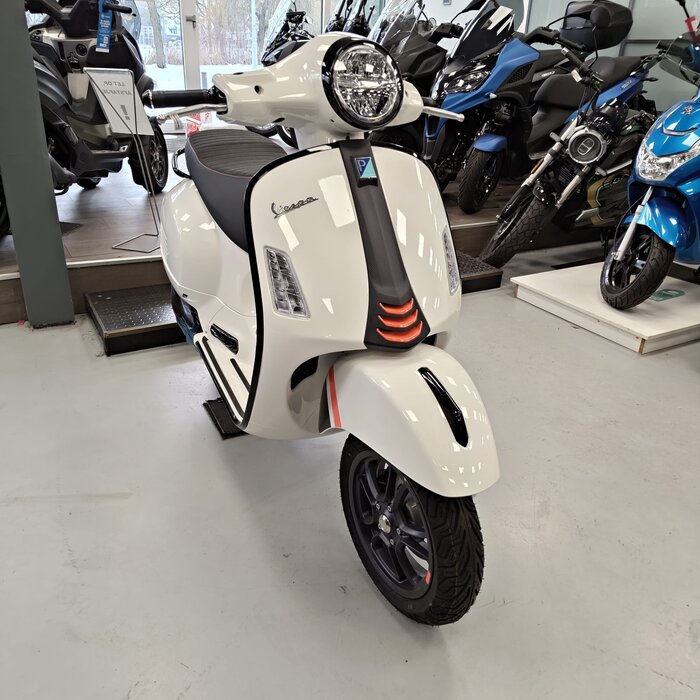 Vespa GTS Super Sport 300 E5+ Bianco Innocente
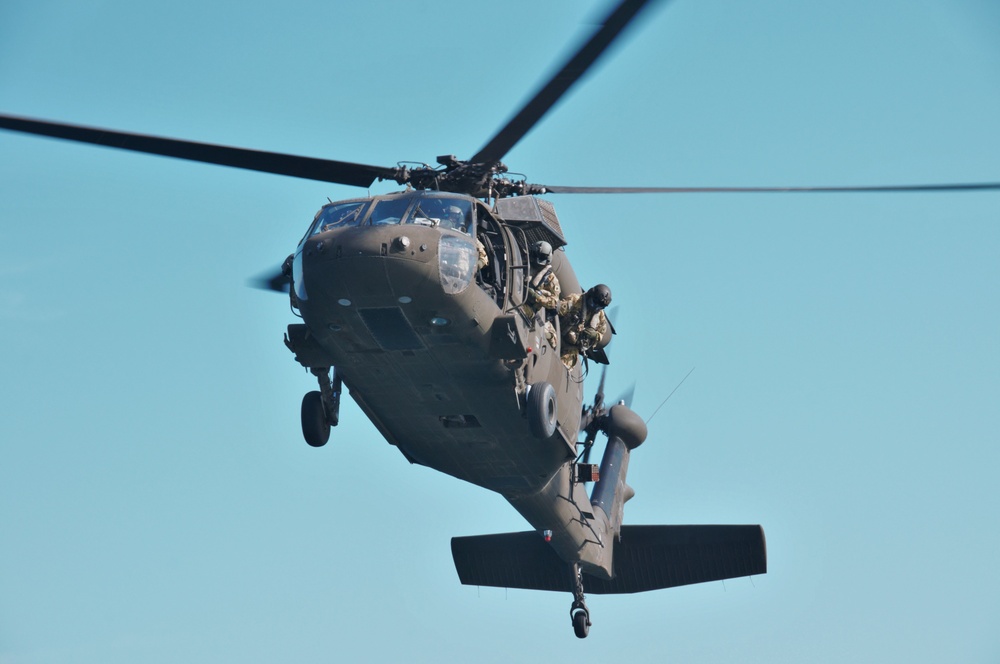 California and West Virginia Army National Guard Soldiers conduct deck landing qualifications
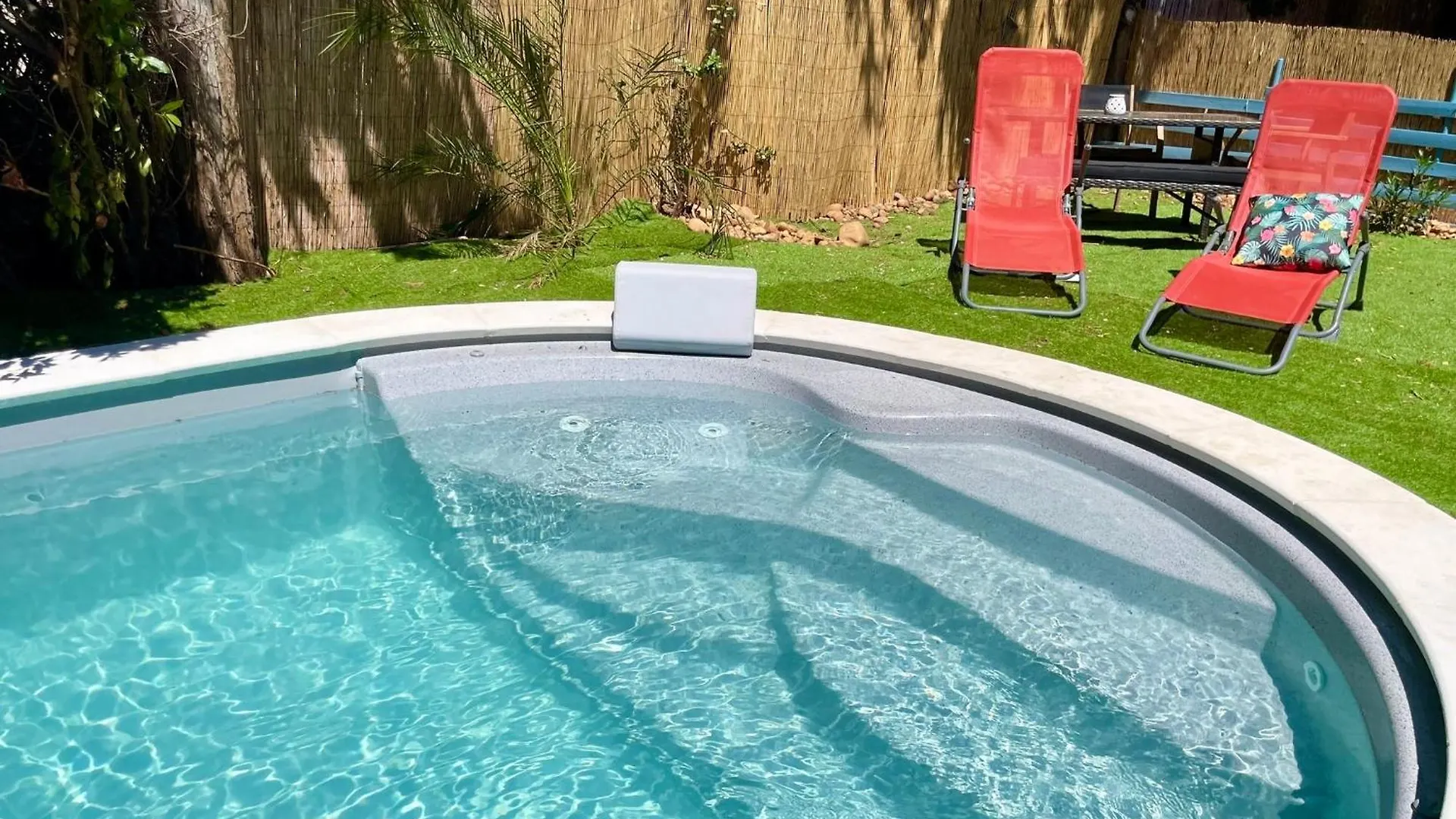 הוילה Morieres-les-Avignon Calme Et Intimite Proche Avignon Piscine Options Au Choix Privee Ou Partagee De Juin A Octobre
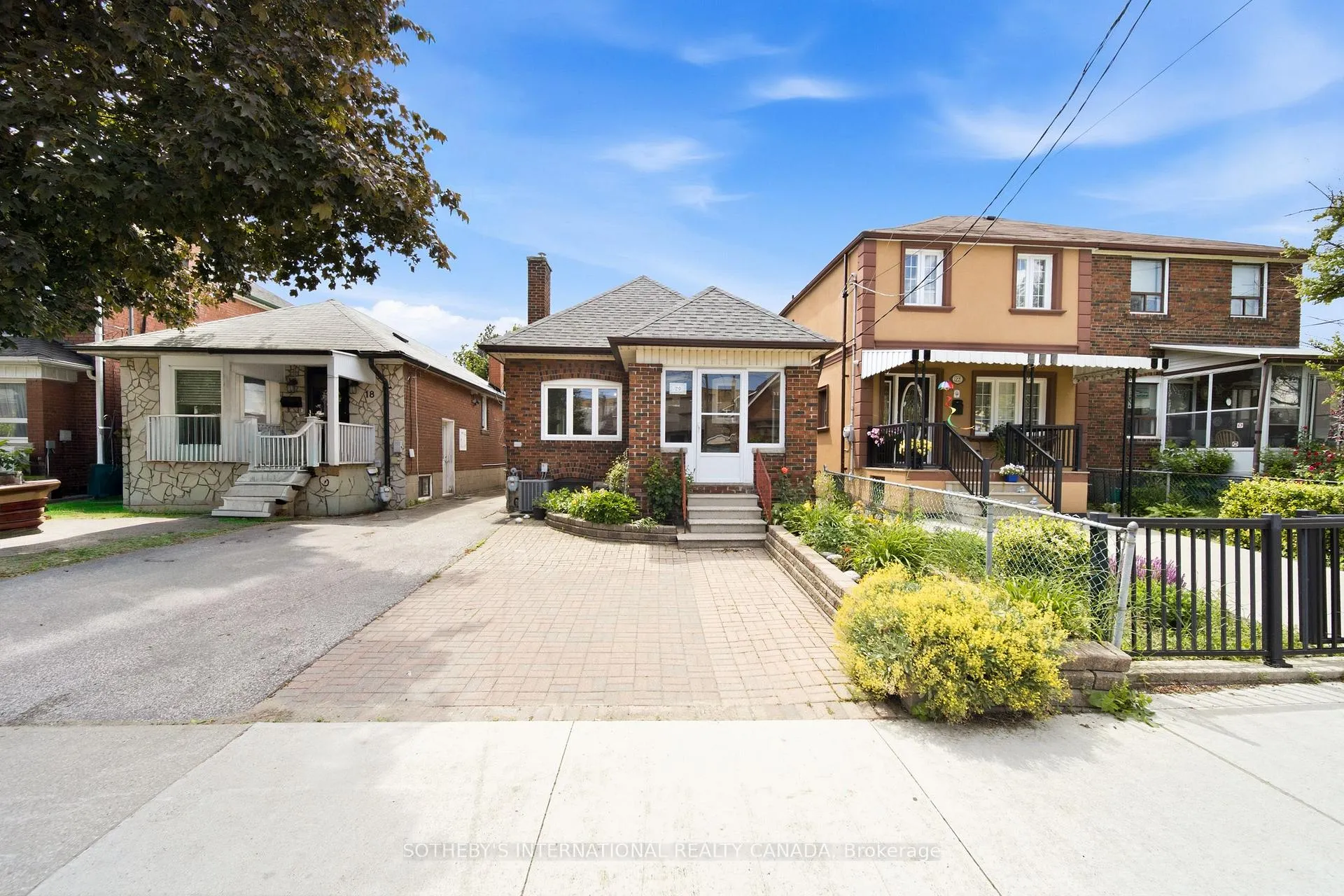 Photo 3 of 20 Bicknell Avenue, Toronto, Keelesdale-Eglinton West — HOMEH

ASSIGNED TASK. Set down the full listing above with its wording unchanged. Leave out its images.

REPLY TO THE TASK.
 Vespa GTS Super Sport 300 E5+ Bianco Innocente
 California and West Virginia Army National Guard Soldiers conduct deck landing qualifications
 הוילה Morieres-les-Avignon Calme Et Intimite Proche Avignon Piscine Options Au Choix Privee Ou Partagee De Juin A Octobre
 Photo 3 of 20 Bicknell Avenue, Toronto, Keelesdale-Eglinton West — HOMEH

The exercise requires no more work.